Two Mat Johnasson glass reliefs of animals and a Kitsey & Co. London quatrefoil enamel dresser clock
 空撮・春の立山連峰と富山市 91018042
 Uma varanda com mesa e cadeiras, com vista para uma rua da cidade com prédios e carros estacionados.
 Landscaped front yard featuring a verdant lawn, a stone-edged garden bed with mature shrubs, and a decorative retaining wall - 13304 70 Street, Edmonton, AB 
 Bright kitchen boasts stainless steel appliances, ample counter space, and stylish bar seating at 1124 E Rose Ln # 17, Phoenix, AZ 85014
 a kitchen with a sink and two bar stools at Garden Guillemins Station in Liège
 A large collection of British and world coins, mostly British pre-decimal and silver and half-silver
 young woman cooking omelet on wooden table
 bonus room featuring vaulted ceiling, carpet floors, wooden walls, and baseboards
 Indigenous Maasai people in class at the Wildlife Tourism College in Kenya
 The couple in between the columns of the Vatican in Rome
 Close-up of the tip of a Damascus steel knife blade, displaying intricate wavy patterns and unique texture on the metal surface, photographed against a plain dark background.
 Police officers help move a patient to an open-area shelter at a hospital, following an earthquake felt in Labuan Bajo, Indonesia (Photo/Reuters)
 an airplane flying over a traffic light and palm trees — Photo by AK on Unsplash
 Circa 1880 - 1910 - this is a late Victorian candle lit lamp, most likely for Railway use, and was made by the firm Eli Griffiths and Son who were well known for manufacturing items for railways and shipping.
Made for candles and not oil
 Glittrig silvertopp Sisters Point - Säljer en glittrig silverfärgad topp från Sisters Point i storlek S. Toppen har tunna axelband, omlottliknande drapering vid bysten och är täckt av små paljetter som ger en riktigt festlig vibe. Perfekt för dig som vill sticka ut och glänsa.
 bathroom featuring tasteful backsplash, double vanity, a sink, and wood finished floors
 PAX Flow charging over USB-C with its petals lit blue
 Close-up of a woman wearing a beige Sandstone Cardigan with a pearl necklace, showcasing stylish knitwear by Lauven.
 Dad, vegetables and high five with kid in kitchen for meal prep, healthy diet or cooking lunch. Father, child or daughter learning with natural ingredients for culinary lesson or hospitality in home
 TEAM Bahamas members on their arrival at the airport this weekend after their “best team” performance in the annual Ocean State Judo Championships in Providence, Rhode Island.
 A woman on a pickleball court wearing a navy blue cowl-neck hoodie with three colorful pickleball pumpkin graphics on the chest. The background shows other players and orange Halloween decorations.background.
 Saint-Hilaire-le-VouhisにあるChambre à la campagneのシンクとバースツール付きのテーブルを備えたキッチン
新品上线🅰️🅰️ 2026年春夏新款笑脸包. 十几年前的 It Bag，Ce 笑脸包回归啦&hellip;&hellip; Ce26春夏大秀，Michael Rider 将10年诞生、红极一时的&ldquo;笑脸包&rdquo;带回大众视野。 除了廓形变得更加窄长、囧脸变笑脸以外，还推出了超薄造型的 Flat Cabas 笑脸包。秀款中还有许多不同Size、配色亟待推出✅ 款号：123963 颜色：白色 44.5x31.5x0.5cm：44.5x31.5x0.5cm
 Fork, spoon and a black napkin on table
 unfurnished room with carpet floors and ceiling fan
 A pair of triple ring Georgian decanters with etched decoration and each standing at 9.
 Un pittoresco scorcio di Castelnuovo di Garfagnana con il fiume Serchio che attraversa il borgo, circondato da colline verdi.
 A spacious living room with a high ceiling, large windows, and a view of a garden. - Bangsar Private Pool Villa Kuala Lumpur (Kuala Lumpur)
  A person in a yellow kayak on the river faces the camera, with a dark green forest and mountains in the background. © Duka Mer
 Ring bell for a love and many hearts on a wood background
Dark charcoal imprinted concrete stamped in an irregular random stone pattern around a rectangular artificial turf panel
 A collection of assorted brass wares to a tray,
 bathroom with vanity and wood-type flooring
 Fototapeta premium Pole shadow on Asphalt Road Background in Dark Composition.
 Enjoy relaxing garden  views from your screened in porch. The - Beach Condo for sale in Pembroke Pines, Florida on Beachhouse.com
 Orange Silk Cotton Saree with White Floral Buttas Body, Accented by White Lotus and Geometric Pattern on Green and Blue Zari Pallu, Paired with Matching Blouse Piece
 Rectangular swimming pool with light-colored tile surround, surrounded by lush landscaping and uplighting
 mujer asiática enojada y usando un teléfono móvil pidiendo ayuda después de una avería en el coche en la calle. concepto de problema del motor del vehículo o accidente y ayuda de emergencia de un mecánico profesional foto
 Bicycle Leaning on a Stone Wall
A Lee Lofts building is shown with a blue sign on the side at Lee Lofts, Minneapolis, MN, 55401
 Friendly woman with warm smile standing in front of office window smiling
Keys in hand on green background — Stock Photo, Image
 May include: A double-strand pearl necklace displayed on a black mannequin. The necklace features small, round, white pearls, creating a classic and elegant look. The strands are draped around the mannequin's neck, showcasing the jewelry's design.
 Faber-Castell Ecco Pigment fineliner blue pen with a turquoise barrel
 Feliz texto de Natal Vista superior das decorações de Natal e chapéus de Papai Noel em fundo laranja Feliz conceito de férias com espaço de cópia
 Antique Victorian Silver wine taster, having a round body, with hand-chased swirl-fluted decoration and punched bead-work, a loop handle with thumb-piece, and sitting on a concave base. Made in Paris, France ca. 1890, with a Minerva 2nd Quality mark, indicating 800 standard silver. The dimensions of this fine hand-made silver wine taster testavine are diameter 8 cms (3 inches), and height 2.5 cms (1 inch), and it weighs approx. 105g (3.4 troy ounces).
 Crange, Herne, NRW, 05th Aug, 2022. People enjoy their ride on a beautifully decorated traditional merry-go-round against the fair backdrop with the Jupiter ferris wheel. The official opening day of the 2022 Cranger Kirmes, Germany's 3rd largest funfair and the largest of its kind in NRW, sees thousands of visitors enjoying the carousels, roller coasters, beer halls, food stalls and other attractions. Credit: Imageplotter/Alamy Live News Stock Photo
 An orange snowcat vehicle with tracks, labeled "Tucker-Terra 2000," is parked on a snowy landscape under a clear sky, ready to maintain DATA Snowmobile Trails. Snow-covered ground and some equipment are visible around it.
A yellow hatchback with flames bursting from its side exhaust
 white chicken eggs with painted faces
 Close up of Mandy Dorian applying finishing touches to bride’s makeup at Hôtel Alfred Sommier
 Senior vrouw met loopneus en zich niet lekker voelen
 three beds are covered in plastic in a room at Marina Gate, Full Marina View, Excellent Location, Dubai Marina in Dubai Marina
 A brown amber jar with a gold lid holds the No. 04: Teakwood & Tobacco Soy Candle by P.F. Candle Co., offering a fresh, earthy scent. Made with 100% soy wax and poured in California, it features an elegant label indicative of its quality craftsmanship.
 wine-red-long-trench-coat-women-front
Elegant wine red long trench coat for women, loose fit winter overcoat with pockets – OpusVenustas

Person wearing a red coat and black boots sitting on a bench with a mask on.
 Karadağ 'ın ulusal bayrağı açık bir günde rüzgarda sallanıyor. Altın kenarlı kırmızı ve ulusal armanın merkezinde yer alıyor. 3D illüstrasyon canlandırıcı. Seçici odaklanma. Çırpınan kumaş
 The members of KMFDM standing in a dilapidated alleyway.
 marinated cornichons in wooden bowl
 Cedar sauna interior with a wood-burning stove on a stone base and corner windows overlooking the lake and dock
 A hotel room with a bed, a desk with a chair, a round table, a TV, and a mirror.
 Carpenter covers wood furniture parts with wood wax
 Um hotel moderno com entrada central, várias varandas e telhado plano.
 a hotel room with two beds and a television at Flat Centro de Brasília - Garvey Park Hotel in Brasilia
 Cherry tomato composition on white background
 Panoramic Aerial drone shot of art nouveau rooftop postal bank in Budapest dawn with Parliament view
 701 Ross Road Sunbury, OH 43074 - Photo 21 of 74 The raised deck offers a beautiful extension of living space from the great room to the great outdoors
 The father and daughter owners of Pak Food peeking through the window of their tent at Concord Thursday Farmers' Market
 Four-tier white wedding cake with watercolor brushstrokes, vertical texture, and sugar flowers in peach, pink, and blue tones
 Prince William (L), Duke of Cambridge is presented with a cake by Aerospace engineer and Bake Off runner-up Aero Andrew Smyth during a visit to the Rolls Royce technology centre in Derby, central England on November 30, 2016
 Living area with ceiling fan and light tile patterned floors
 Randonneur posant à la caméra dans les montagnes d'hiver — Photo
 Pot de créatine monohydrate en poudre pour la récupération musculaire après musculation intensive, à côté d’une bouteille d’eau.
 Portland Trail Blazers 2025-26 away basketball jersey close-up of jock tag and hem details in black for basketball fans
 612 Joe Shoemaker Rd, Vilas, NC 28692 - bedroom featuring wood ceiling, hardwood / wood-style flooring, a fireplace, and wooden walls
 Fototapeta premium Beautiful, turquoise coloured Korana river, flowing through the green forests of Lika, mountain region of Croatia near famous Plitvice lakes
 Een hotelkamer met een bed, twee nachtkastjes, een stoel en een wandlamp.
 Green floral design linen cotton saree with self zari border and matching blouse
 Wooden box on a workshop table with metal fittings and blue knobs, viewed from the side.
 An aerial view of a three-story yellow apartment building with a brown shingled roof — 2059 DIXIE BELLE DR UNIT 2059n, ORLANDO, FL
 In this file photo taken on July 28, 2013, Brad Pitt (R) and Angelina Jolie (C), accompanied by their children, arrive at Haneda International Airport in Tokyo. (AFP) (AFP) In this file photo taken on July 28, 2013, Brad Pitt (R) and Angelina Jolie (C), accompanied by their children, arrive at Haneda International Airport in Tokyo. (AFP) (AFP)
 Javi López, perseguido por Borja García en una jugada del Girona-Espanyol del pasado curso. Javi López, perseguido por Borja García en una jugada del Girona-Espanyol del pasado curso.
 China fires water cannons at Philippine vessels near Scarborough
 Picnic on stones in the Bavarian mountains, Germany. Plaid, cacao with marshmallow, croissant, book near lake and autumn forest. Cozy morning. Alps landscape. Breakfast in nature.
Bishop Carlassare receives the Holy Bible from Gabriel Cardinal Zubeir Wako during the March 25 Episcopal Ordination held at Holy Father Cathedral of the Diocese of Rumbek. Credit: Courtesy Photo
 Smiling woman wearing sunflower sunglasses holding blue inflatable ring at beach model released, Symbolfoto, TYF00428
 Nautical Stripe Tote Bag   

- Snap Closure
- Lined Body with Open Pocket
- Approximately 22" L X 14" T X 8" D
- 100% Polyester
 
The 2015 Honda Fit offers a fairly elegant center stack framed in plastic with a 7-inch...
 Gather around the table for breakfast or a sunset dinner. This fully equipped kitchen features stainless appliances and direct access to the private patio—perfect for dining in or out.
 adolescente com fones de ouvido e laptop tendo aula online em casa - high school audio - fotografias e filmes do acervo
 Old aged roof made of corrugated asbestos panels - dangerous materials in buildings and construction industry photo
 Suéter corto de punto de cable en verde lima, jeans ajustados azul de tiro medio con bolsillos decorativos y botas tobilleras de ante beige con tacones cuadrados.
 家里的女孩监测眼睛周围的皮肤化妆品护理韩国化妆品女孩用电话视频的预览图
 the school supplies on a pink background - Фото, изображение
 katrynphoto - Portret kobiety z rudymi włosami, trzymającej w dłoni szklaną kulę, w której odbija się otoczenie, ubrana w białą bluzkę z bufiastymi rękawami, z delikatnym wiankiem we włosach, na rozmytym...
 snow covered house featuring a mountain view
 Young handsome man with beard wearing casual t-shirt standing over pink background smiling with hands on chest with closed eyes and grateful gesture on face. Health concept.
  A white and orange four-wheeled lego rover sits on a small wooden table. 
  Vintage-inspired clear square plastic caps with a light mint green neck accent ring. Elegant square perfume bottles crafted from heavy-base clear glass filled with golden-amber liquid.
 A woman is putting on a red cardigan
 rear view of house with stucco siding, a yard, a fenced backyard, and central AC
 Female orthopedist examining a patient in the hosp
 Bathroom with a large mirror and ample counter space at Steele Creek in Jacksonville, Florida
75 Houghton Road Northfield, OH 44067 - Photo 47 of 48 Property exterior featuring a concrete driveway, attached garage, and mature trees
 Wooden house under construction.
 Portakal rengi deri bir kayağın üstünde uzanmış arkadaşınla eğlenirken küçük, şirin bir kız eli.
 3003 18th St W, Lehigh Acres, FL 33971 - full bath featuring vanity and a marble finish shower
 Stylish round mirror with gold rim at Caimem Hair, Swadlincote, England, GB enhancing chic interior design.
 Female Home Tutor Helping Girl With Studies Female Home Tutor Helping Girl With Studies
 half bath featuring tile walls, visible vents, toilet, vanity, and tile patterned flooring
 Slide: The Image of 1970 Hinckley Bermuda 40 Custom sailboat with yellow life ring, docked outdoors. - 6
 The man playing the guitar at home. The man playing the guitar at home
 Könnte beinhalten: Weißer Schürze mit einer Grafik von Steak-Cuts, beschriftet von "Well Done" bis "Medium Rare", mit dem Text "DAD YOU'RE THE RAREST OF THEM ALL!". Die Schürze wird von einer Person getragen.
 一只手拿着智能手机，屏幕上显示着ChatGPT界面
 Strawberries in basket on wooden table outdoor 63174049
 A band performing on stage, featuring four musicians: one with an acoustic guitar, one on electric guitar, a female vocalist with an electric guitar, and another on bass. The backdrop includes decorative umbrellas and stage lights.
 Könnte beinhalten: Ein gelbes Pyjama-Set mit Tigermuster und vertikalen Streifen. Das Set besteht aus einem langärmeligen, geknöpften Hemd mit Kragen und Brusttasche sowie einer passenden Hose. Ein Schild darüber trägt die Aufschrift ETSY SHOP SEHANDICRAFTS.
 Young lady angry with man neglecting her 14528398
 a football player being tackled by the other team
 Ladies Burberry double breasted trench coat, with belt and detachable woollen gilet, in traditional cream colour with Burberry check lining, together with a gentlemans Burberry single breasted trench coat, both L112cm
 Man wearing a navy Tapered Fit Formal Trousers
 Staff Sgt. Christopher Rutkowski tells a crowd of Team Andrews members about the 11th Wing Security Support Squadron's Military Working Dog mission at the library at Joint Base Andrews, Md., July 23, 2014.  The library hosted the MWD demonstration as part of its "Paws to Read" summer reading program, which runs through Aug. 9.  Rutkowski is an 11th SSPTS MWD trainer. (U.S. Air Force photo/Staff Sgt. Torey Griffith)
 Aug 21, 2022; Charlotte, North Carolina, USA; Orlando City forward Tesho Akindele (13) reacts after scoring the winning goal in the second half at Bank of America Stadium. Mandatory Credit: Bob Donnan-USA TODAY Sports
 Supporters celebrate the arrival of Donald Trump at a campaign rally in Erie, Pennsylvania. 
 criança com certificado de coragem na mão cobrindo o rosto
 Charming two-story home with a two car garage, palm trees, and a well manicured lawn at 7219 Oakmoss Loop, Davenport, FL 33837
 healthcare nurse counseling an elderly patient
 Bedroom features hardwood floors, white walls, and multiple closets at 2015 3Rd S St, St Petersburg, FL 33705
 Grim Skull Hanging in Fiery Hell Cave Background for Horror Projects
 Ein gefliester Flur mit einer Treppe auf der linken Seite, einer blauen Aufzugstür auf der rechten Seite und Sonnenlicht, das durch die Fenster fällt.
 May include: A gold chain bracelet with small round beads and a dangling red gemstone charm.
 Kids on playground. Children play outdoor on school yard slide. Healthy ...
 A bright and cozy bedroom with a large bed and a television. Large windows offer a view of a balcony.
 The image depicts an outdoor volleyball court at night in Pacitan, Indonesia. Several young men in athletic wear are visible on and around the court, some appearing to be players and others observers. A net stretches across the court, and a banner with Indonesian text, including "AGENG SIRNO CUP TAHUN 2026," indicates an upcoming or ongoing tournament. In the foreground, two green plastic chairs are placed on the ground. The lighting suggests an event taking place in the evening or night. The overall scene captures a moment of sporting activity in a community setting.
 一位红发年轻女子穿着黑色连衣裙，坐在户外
=======
● Work instruction
Out of the entries above, write out only the lines between the line holding "Pot de créatine" and the line holding "An aerial view", inclusive, each exactly as given.

● Answer to the exercise
 Pot de créatine monohydrate en poudre pour la récupération musculaire après musculation intensive, à côté d’une bouteille d’eau.
 Portland Trail Blazers 2025-26 away basketball jersey close-up of jock tag and hem details in black for basketball fans
 612 Joe Shoemaker Rd, Vilas, NC 28692 - bedroom featuring wood ceiling, hardwood / wood-style flooring, a fireplace, and wooden walls
 Fototapeta premium Beautiful, turquoise coloured Korana river, flowing through the green forests of Lika, mountain region of Croatia near famous Plitvice lakes
 Een hotelkamer met een bed, twee nachtkastjes, een stoel en een wandlamp.
 Green floral design linen cotton saree with self zari border and matching blouse
 Wooden box on a workshop table with metal fittings and blue knobs, viewed from the side.
 An aerial view of a three-story yellow apartment building with a brown shingled roof — 2059 DIXIE BELLE DR UNIT 2059n, ORLANDO, FL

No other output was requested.